The greater the spark, the more intense the battle.So too with our messy world. As soon as the initial sparks are redeemed, yet more challenging missions arise. As time progresses, the divine sparks become harder to discover, locked within the darkest realms, stubbornly refusing to be extricated from there. The darkness itself fights back, lashing out at any soul that comes to take away its captives. The greater the spark, the more intense the battle.

Eventually, once you have reached deep within your soul and revealed its most hidden powers, then the most hidden sparks also become revealed. As it turns out, redemption of those sparks is intrinsically bound with the redemption of your innermost soul.

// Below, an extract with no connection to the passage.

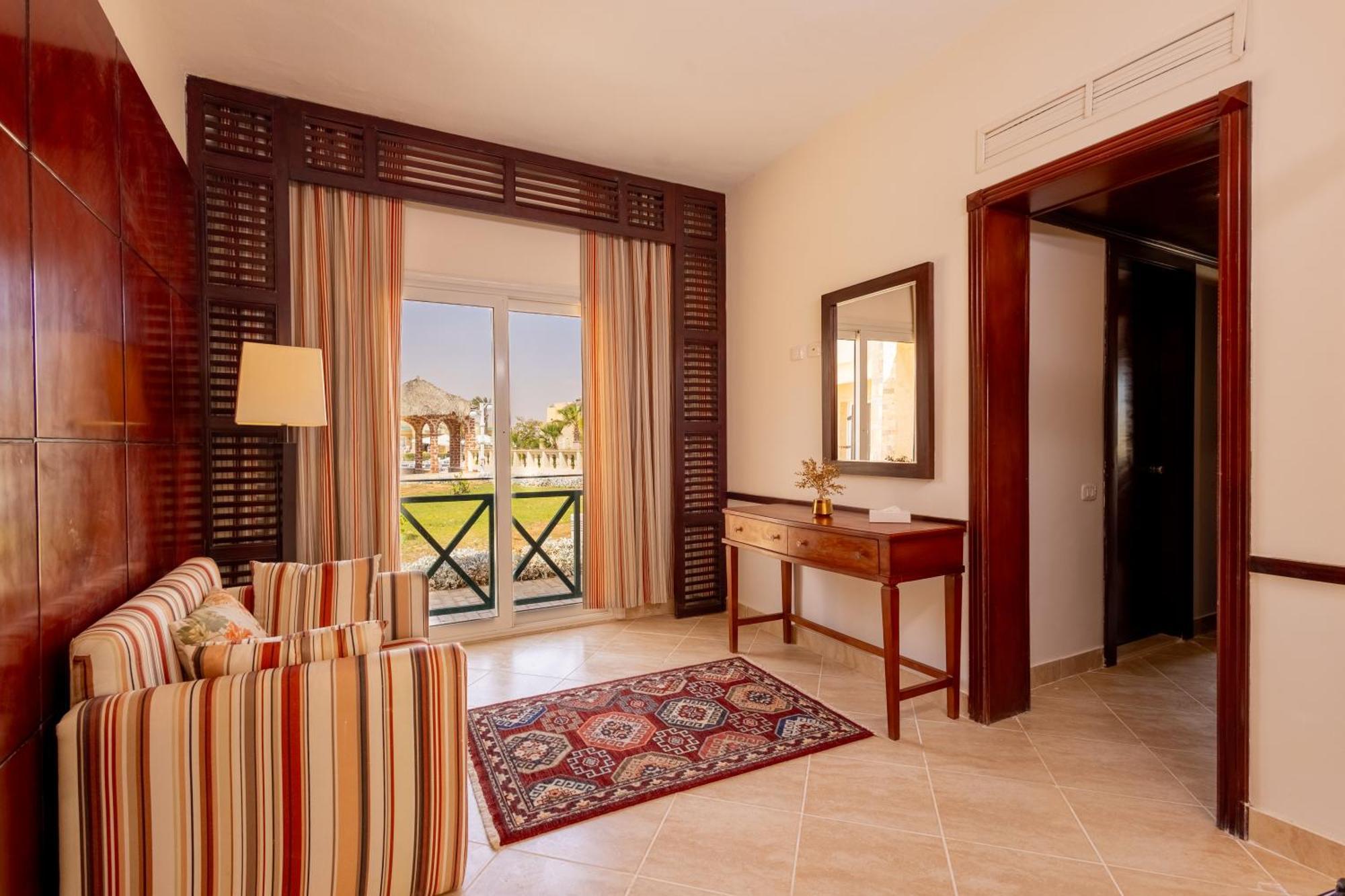 Grand Waha Resort Mersa Matruh Bagian luar foto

The battle goes yet deeper. There are those sparks that cannot be redeemed by a head-on attack, but only by failure and return. Failure is one of those things that cannot be prearranged. Yet it is only through failure that you can redeem not only the most intense sparks of Tohu, but the darkness itself. The darkness caused you to fail. And now, when you return, it is that experience of the darkness that drives you with unstoppable impetus. You have become what the Zohar calls “a master of return, who is drawn to G‑d with greater power than the one who has never failed.”2
An immeasurably great power. The power of darkness.